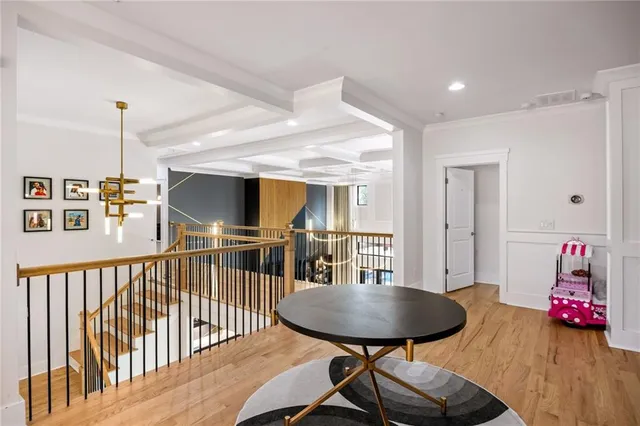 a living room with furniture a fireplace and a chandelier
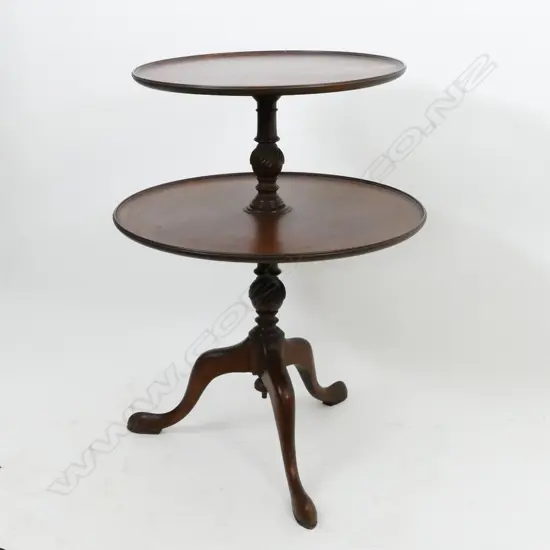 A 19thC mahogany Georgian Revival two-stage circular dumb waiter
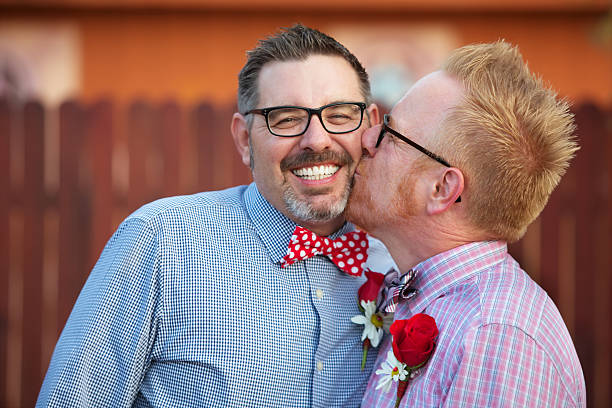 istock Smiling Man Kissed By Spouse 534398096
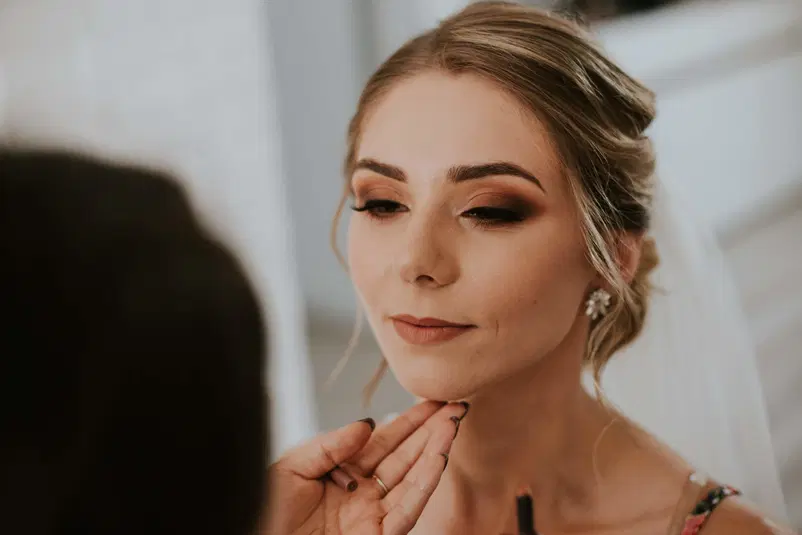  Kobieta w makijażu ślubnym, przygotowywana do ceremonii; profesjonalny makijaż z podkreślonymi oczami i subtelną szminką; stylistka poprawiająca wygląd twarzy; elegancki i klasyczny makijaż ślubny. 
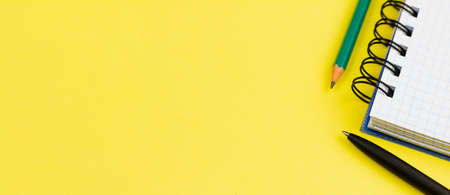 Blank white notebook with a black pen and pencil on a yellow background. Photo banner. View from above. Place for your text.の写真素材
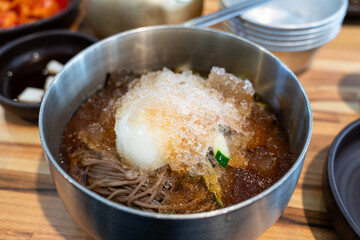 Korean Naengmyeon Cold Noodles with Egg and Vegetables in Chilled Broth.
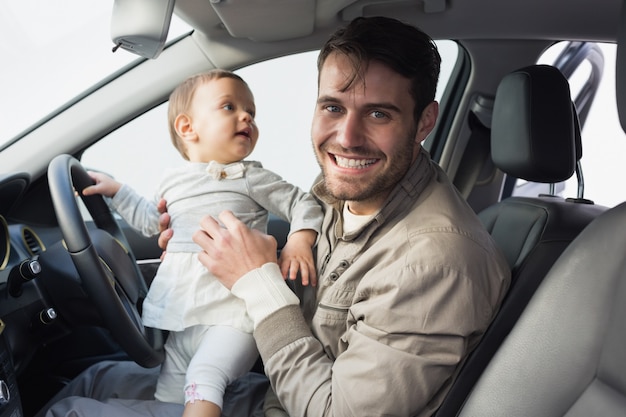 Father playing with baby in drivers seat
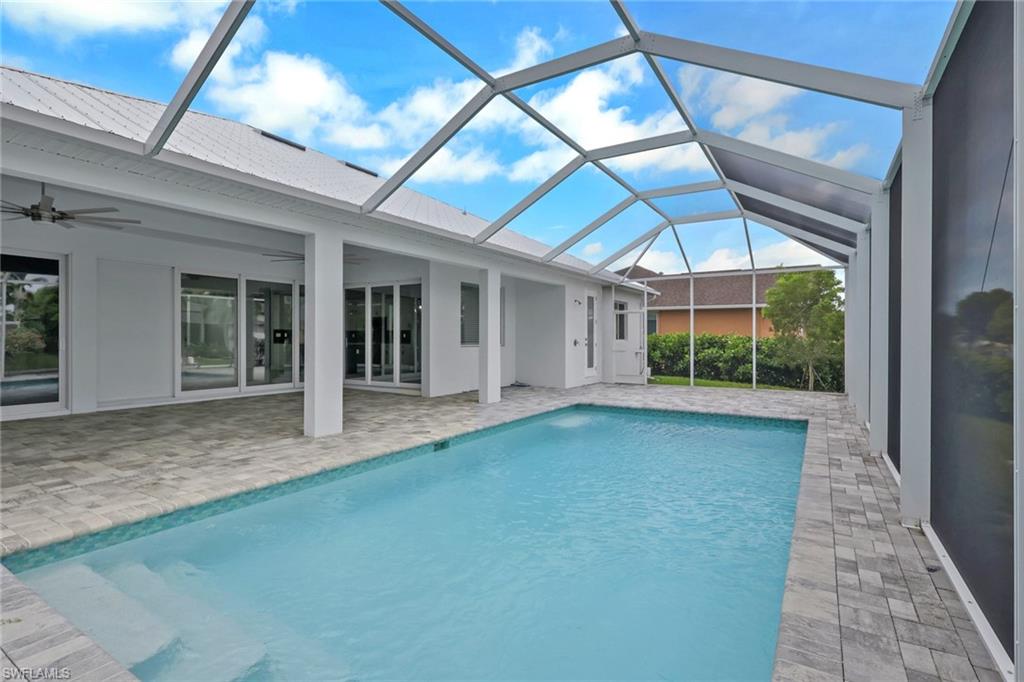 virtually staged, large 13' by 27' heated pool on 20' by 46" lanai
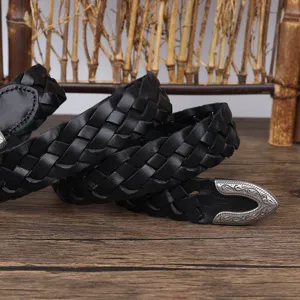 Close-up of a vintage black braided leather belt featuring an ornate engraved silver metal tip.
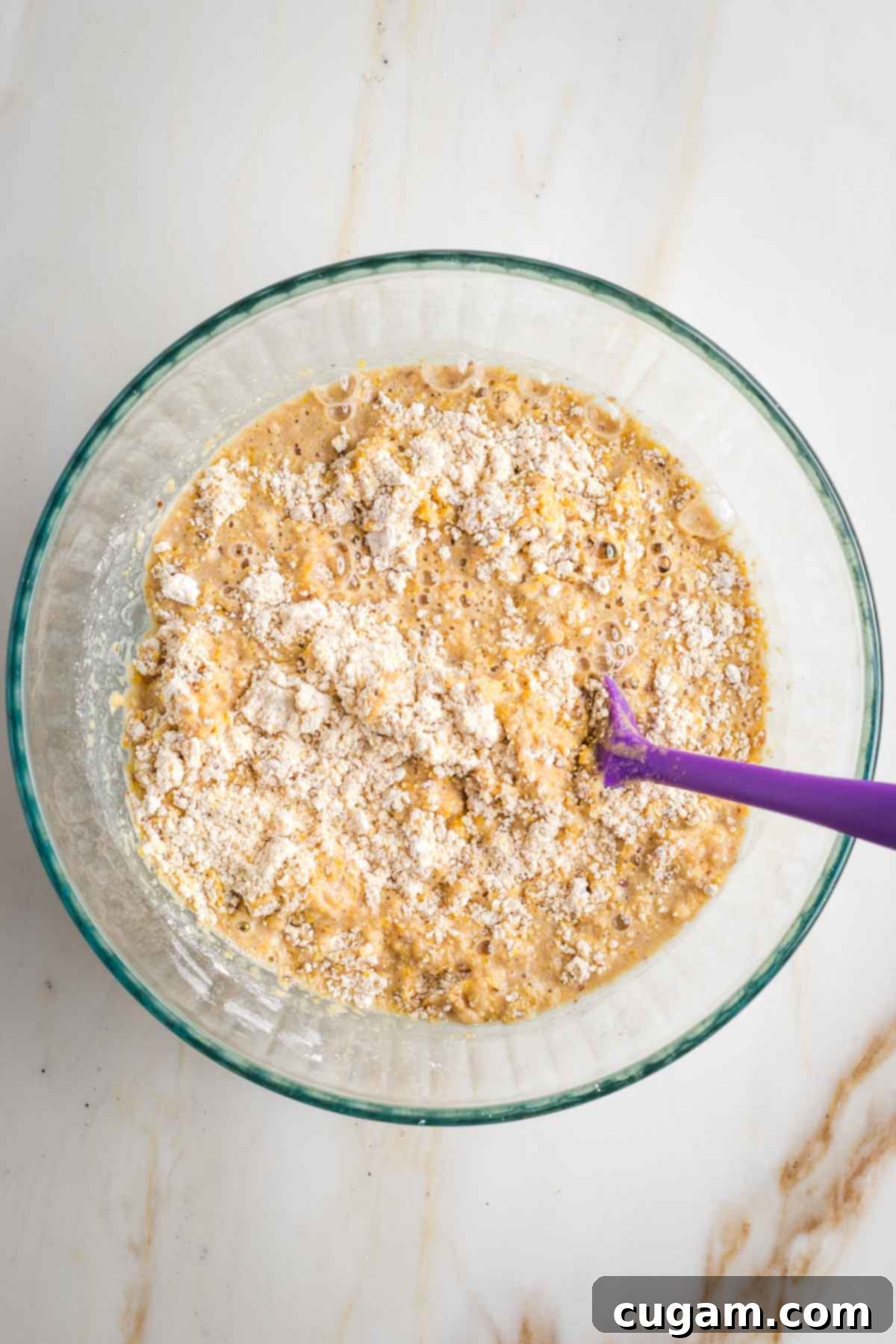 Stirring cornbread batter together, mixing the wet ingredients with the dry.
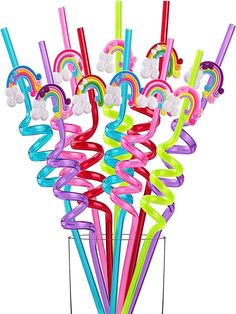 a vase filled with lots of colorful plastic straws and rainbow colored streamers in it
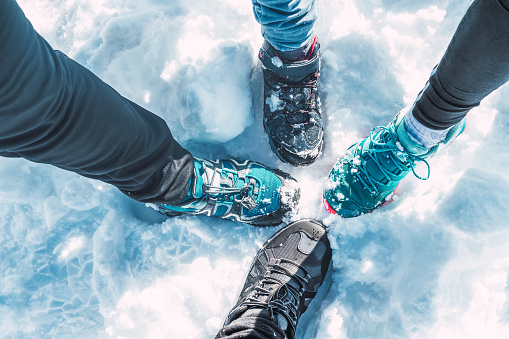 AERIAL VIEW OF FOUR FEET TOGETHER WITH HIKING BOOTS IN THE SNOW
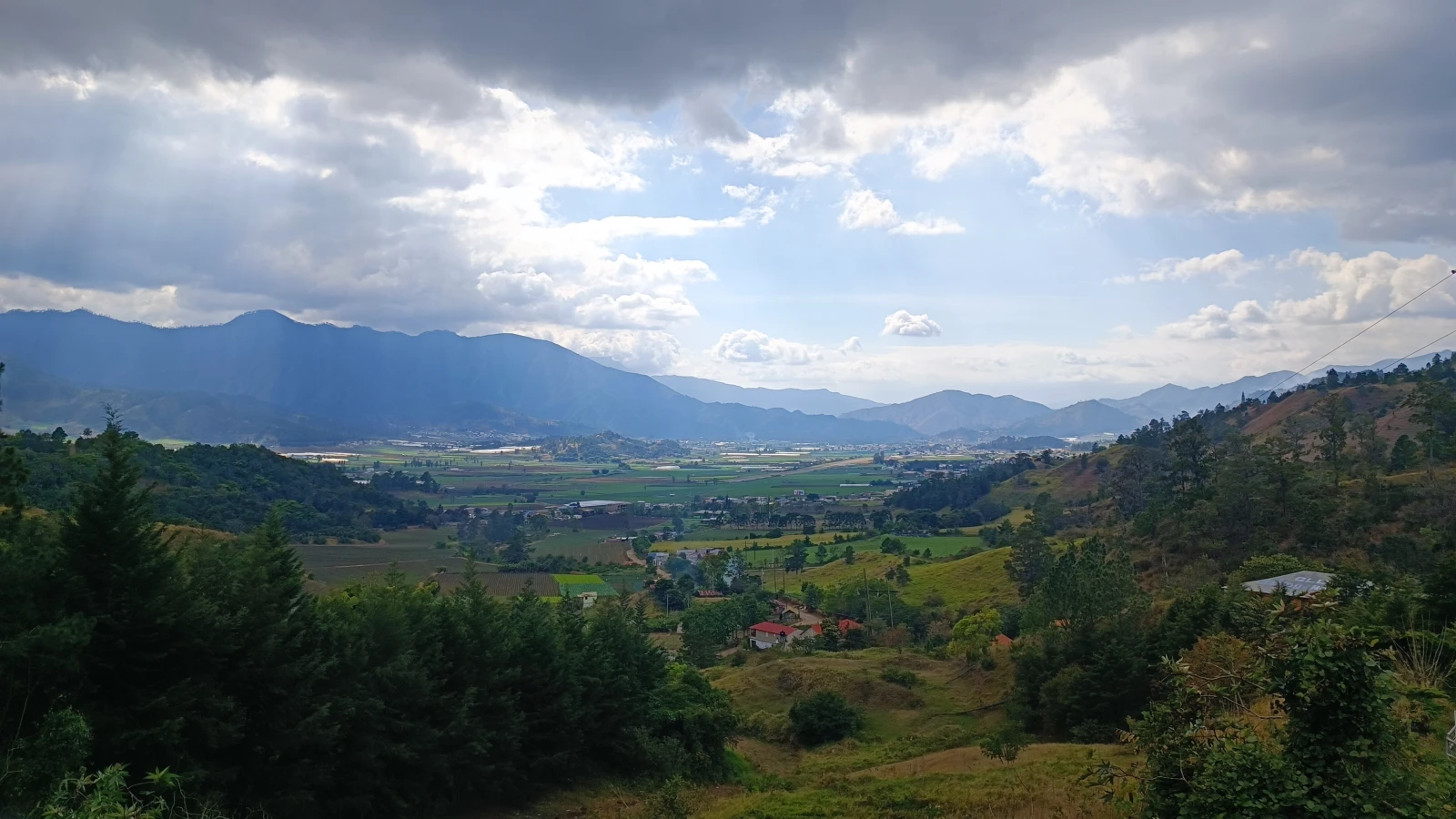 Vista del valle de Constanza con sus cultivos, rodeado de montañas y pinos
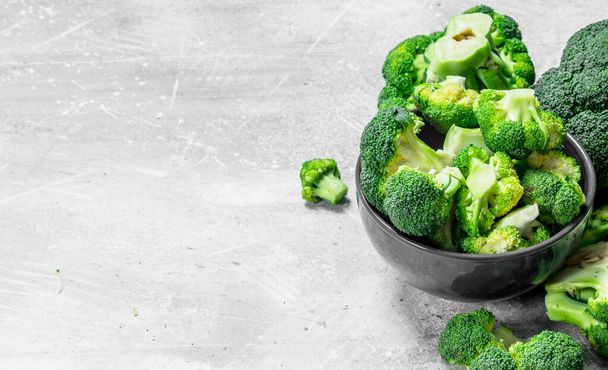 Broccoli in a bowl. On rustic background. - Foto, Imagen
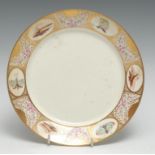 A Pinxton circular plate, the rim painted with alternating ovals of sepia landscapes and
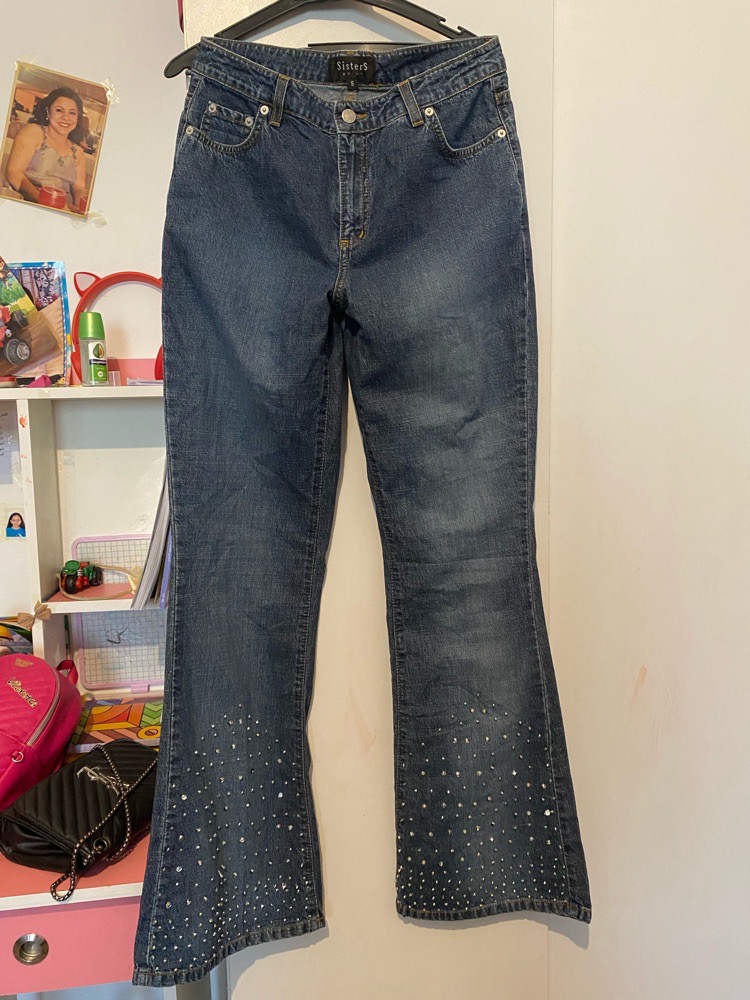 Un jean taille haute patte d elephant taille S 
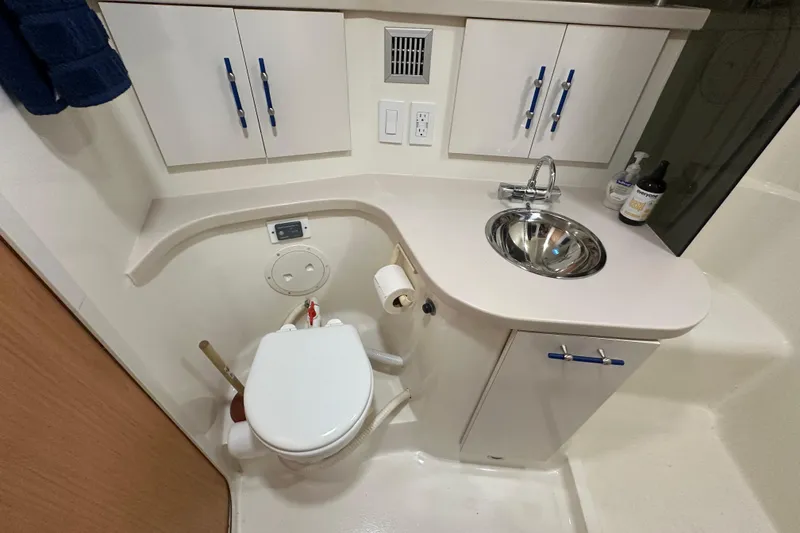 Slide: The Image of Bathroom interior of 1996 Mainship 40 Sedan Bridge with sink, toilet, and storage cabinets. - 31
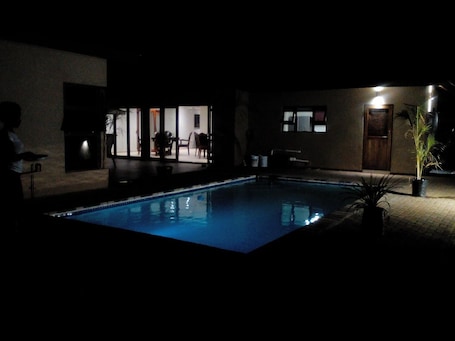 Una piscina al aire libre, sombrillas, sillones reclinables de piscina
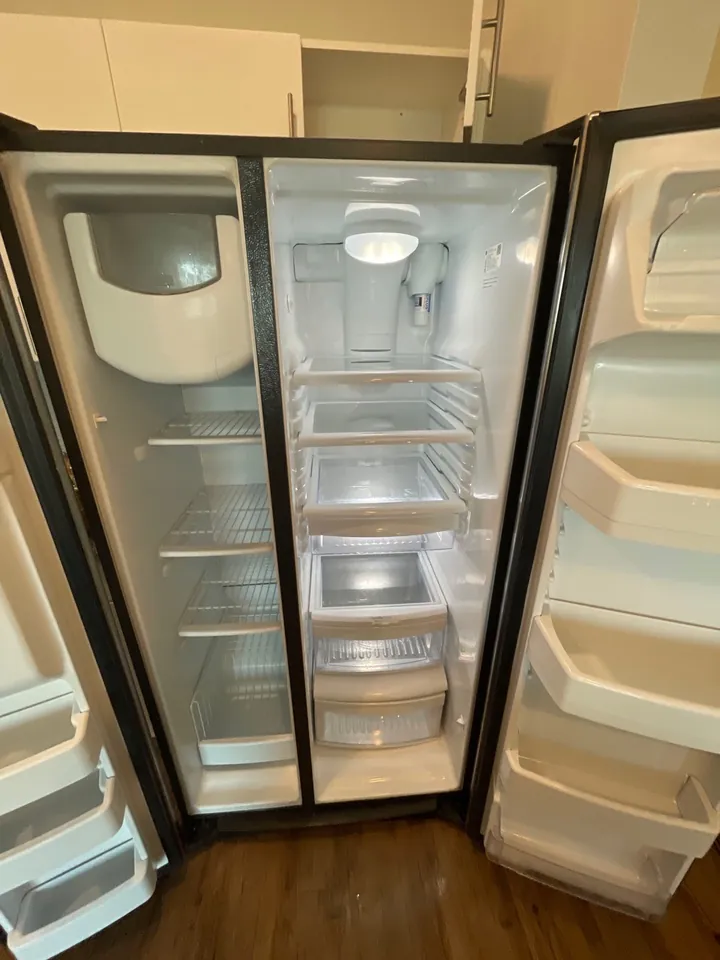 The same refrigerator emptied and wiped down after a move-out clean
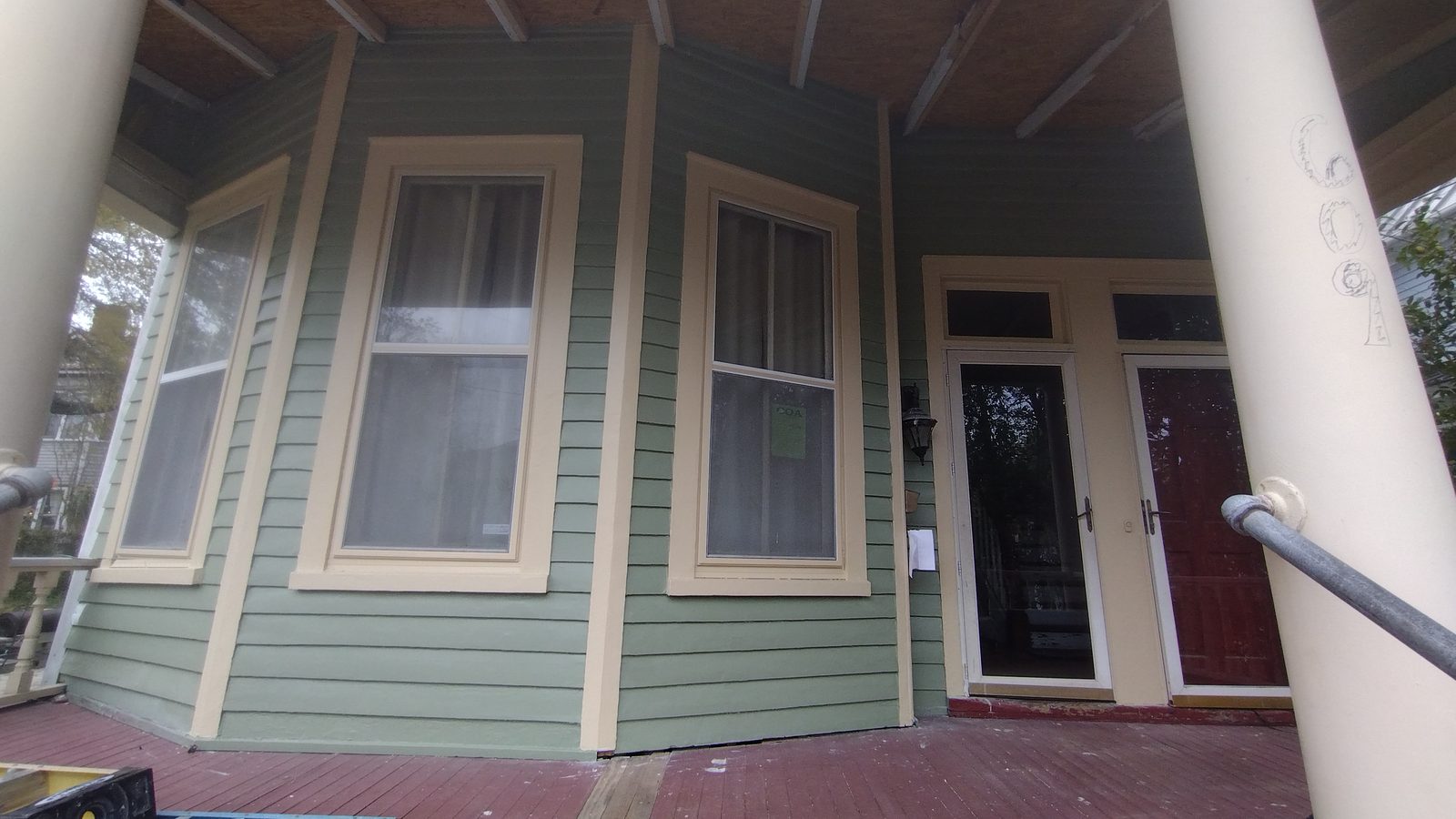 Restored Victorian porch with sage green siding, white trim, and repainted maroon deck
^^^^^^^^^^^^^^^^
Task: Copy exactly the lines from the first line of the records above through the line with "istock Smiling Man", both included, and nothing else. Pictures stay out.

Result of this task:
 a living room with furniture a fireplace and a chandelier
 A 19thC mahogany Georgian Revival two-stage circular dumb waiter
 istock Smiling Man Kissed By Spouse 534398096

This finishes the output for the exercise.